**EXERCISE INPUT:**
------------------------------

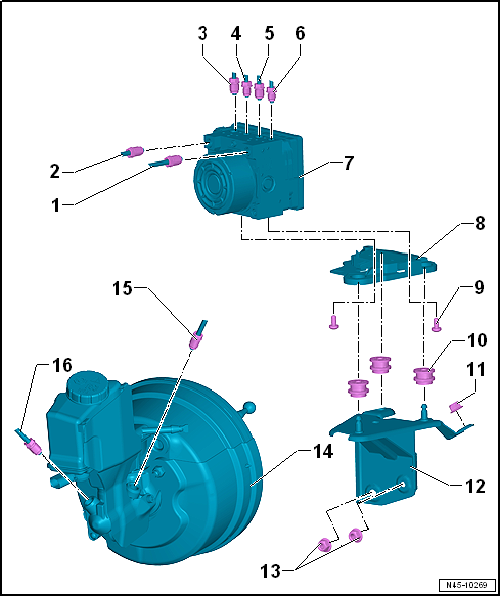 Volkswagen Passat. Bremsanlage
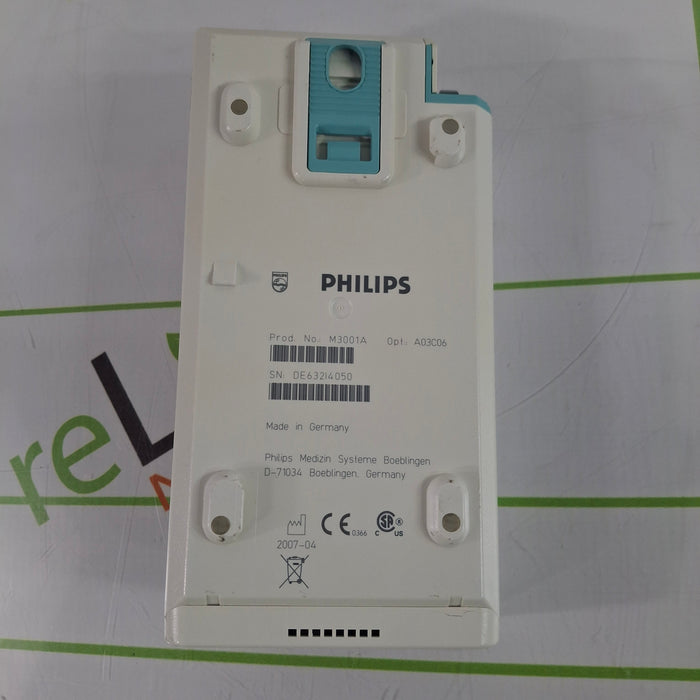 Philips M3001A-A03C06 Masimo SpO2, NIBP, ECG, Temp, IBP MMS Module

------------------------------

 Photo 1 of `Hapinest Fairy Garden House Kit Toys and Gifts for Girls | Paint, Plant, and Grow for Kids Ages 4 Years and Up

------------------------------

For the material above, give again only the lines starting at the line that contains "Volkswagen Passat. Bremsanlage" and ending at the line that contains "Philips M3001A-A03C06 Masimo". Pictures do not belong in the copy.

 Volkswagen Passat. Bremsanlage
 Philips M3001A-A03C06 Masimo SpO2, NIBP, ECG, Temp, IBP MMS Module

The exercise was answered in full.